BigCode, a joint initiative of Hugging Face and ServiceNow, introduces Starcoder and StarcoderBase, two large open-source code language models. The researchers place special emphasis on transparent and copyright-compliant data selection.
The 15.5 billion parameter Starcoder models can generate code in 86 programming languages. In a novel approach, the researchers used a method called “multi-query attention,” which allows the Starcoder models to focus on multiple parts of the code at once, rather than processing each token in turn. This enables both Starcoder models to read larger amounts of code (8K context windows) faster and more efficiently, speeding up code understanding and code generation.
According to participating researcher Lubna Ben Allal, the Starcoder models were trained on heavily curated data, which meant a lot of human effort: “We manually inspected 50–100 files for all the extensions in the selected programming languages and choose adequate filters,” Ben Allal said.
The work seems to have paid off: Both models perform better in benchmarks than any other open model that supports multiple programming languages, and even equal or surpass the OpenAI “code-cushman-001” model.
StarCoder outperforms OpenAI's code-cushman-001 and all open code generation models on HumanEval. On other benchmarks like DS-1000 the gap is even larger.
DS-1000 includes more diverse and realistic data science problems spanning 7 libraries. pic.twitter.com/H8IKs0rhqd
— Loubna Ben Allal (@LoubnaBenAllal1) May 9, 2023
This adds Starcoder to the growing list of open-source AI models that can compete with proprietary industrial AI models, although Starcoder’s code performance may still lag GPT-4.

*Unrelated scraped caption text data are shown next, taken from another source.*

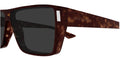Lunettes de Soleil Saint Laurent Corner Angle SL 757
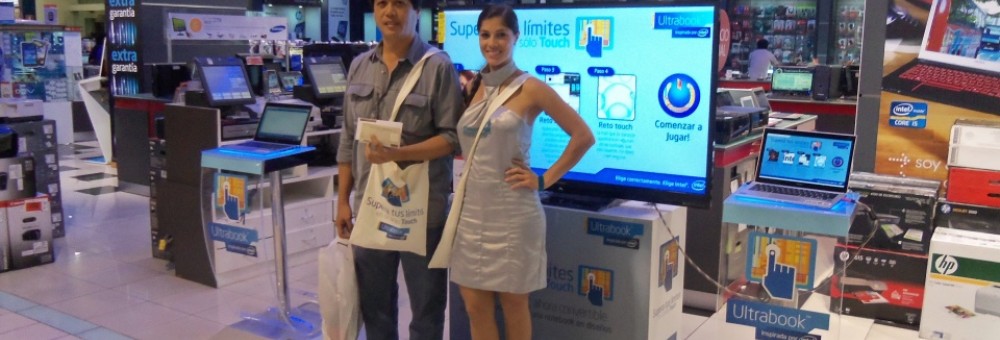 Activación Ultrabook
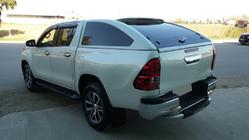 Toyota Hilux 2015– Flakkåpa STARBOX foto 10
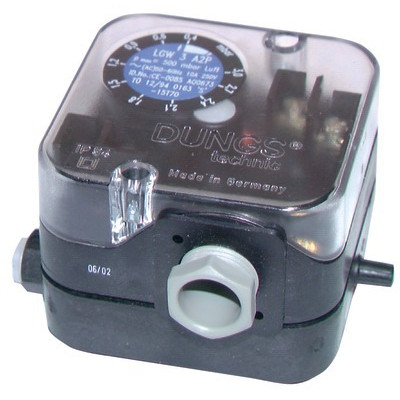 Pressostat air LGW50 - A2P- DUNGS - 221207/272346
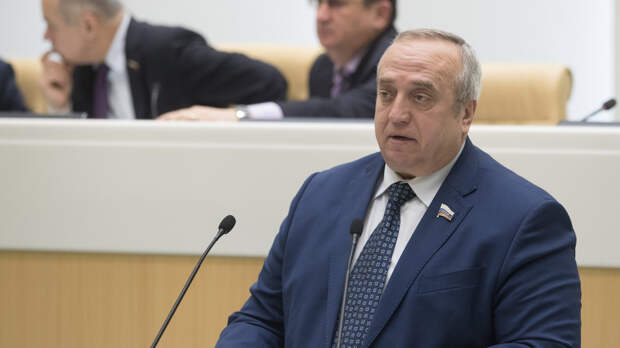 Клинцевич: страны Прибалтики поддерживают антироссийскую политику ради льгот от США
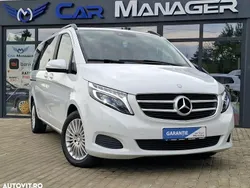 Alb Utilizat 2015 Mercedes V220 Monovolum | 24.999 EUR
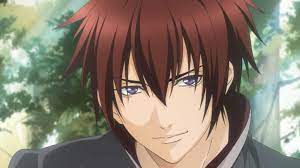 Pin On Great Looking Anime Guys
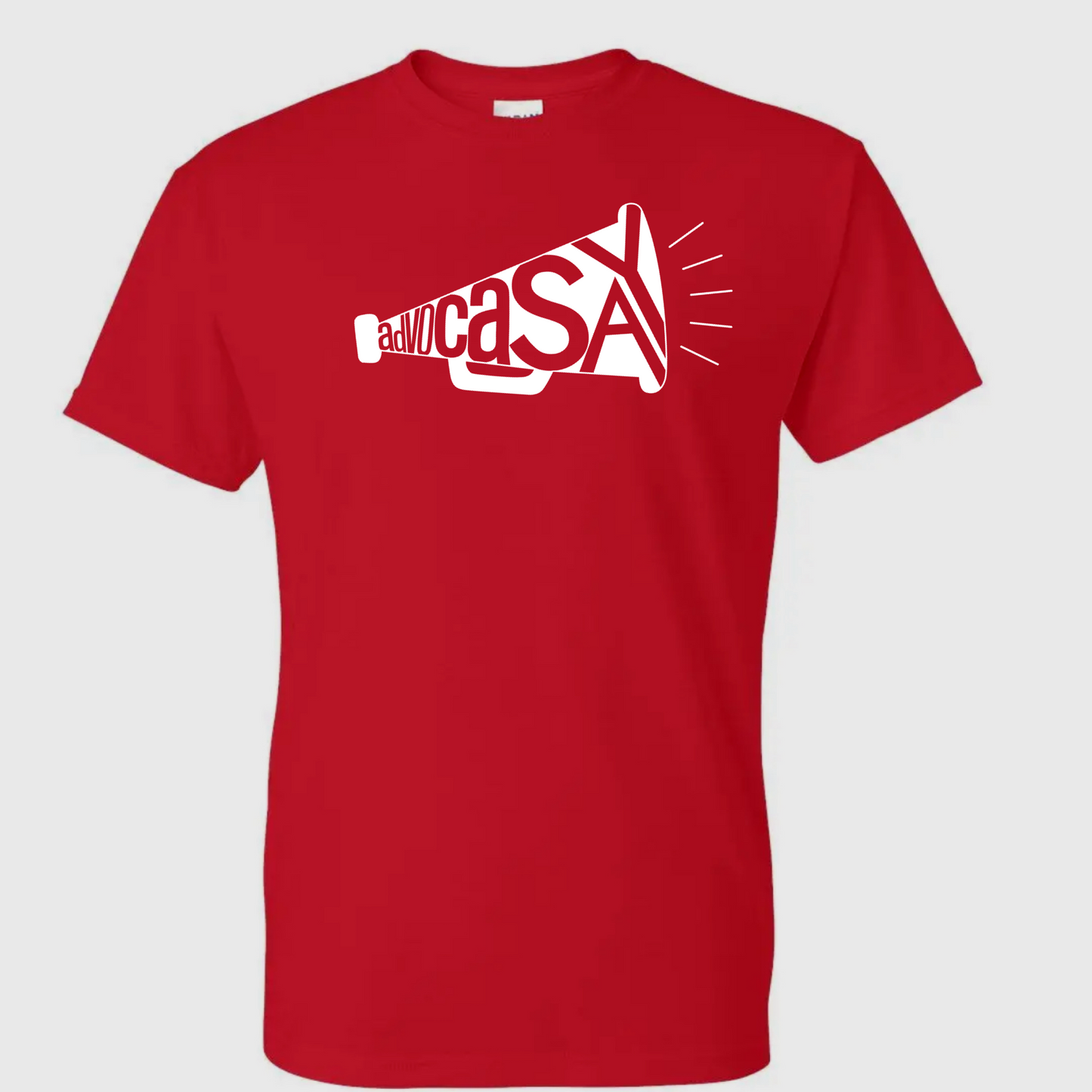 AdvocaSAY Logo Tee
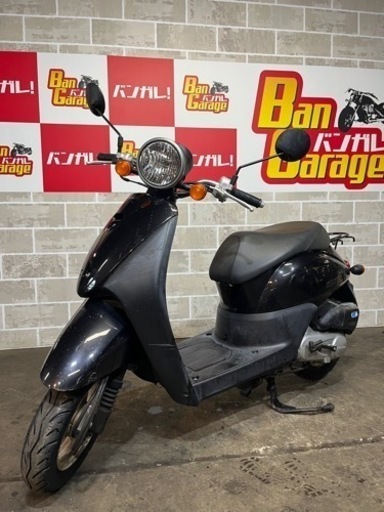 HONDA　ホンダ　Today　ご自宅まで無料配達も可　AF67　乗り出し参考価格65,000 円→(自賠責保険1年加入+ナンバー登録込み)　バイク　スクーター　バンガレージ京都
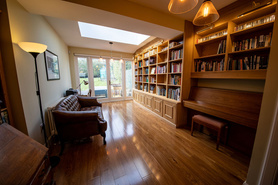 Bespoke Bookshelves Project image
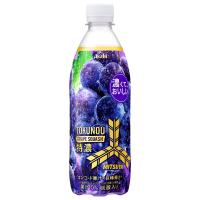 三ツ矢サイダー アサヒ飲料 特濃グレープスカッシュ 500ml×24本 サイダー | RefaindオンラインR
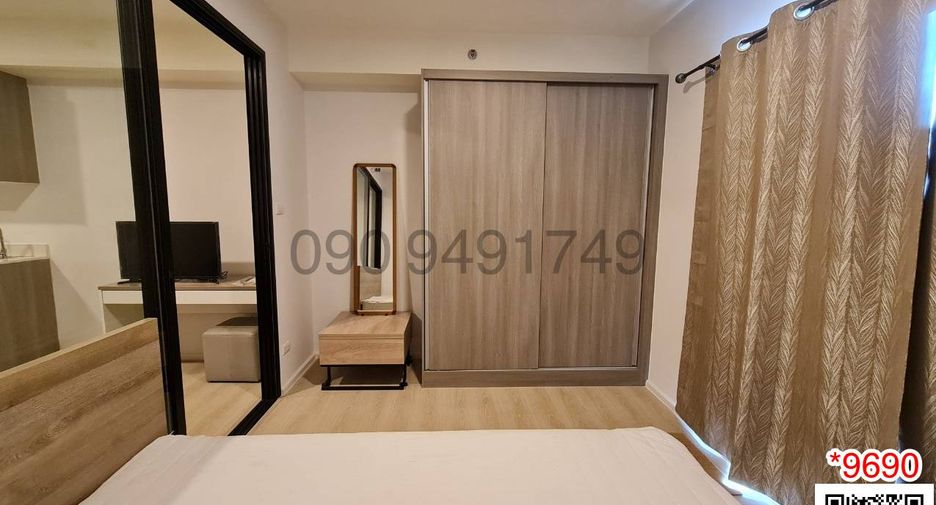 For rent 1 bed condo in Bang Phli, Samut Prakan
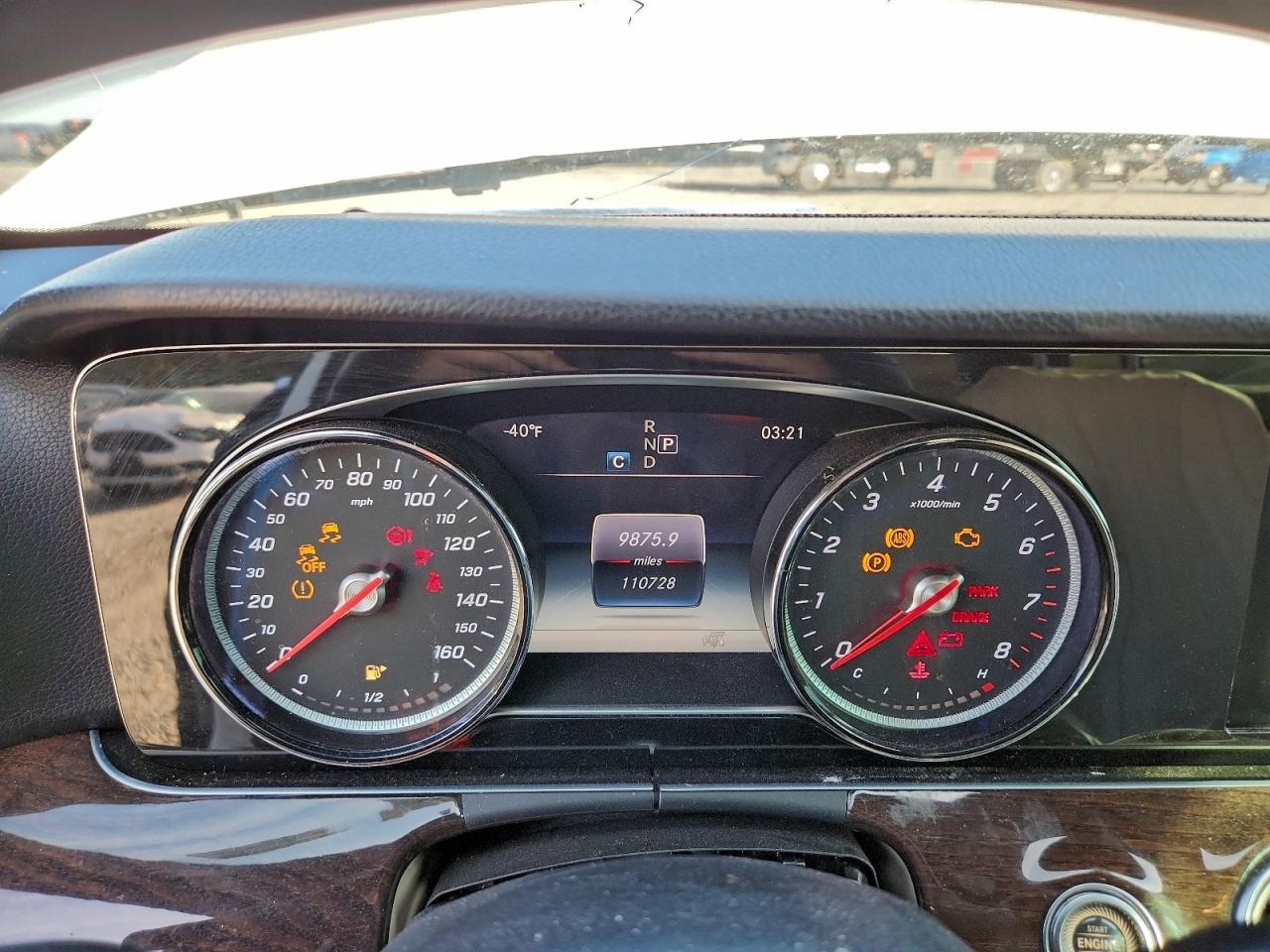 2017 MERCEDES-BENZ E 300 photo 9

Starcoder team respects privacy and copyrights
Both models also aim to set a new standard in data governance. The team says it has only used permissible data without personal references for data training, and has also implemented an opt-out mechanism and a code snippet search engine in case you want to check if your code is included in the data used from The Stack database.
The team releases the Starcoder model under the Open Responsible AI Model license, which supports commercial use. The model is not instruction-optimized out of the box, but can be optimized as a technical assistant with some additional instructions. All relevant further information and links can be found at HuggingFace Starcoder.